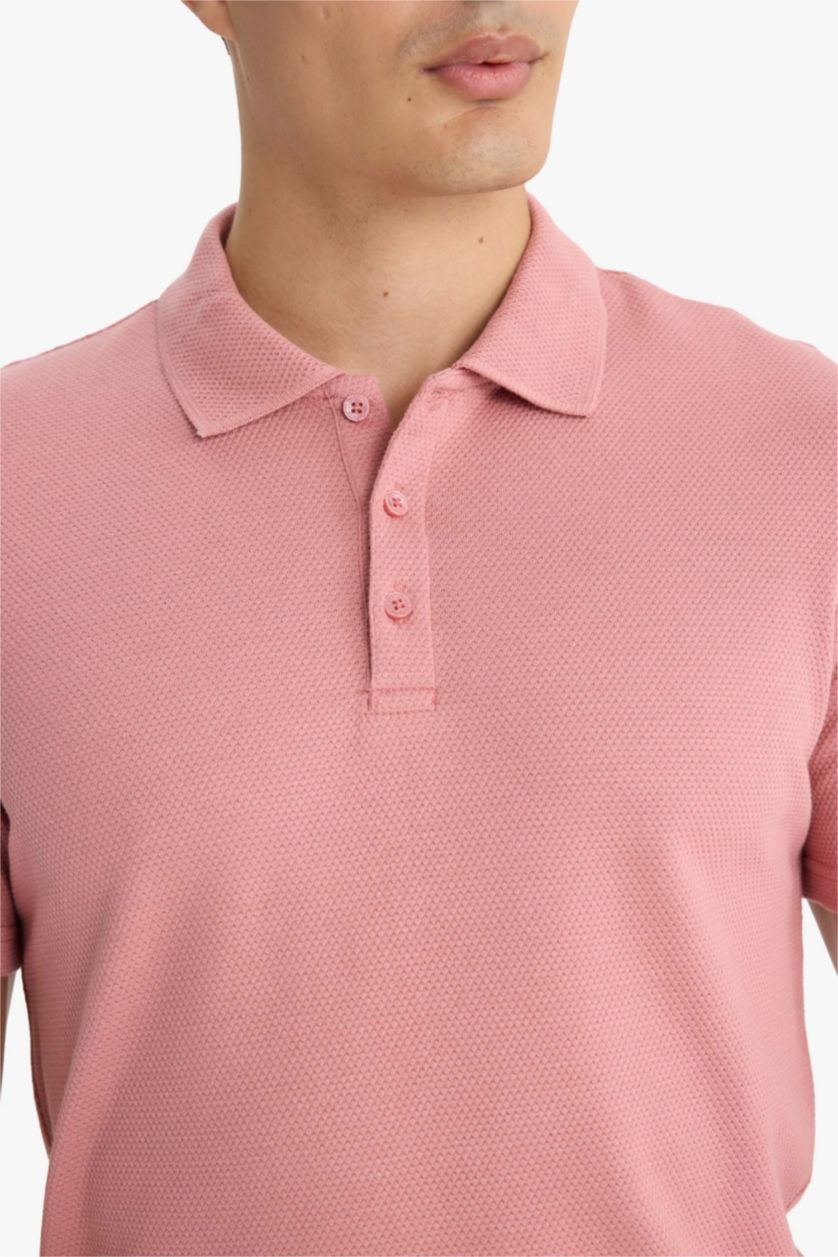 Erkek Gülkurusu Slim Fit Dar Kesim Polo Yaka Kısa Kollu Pamuklu Modal Karışımlı Basic Düz Tişört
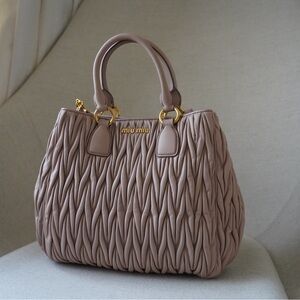 Miu Miu Dusty Pink Matelassé Leather Bag (Never used)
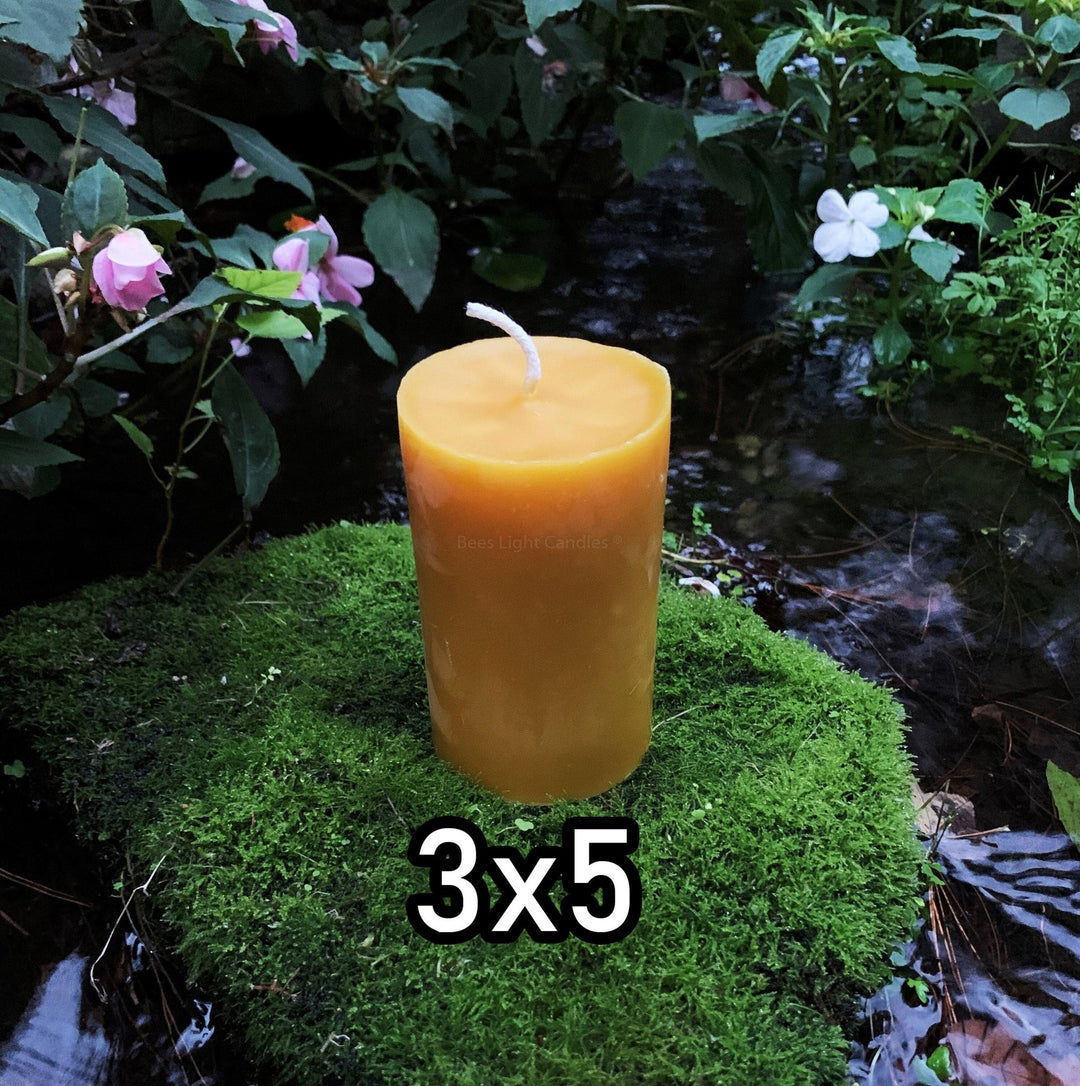 3x5 Beeswax Pillar Candle | Three Inch Thick Pillars | All Natural BEES WAX Candles | Clean Burning | Cylinder | Handmade in USA | 5" Large - Bees Light Candles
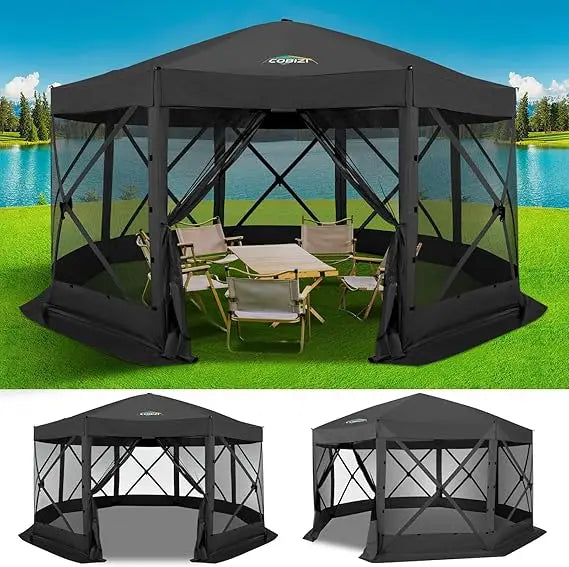 12x12ft Pop up Gazebo Screen Tent Screen House for Camping, Camping Outdoor Screened Gazebo with Sidewalls, Portable Hub Tent w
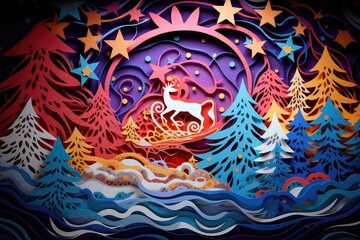 Intricate paper art scene with a majestic deer amid a colorful, multilayered forest with stars and swirling patterns.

..........

• Your objective
Once you have returned the line containing "12x12ft Pop up", stop; begin at the first line of the material, keep each line exact, and skip the pictures.

• Solution
 Erkek Gülkurusu Slim Fit Dar Kesim Polo Yaka Kısa Kollu Pamuklu Modal Karışımlı Basic Düz Tişört
 Miu Miu Dusty Pink Matelassé Leather Bag (Never used)
 3x5 Beeswax Pillar Candle | Three Inch Thick Pillars | All Natural BEES WAX Candles | Clean Burning | Cylinder | Handmade in USA | 5" Large - Bees Light Candles
 12x12ft Pop up Gazebo Screen Tent Screen House for Camping, Camping Outdoor Screened Gazebo with Sidewalls, Portable Hub Tent w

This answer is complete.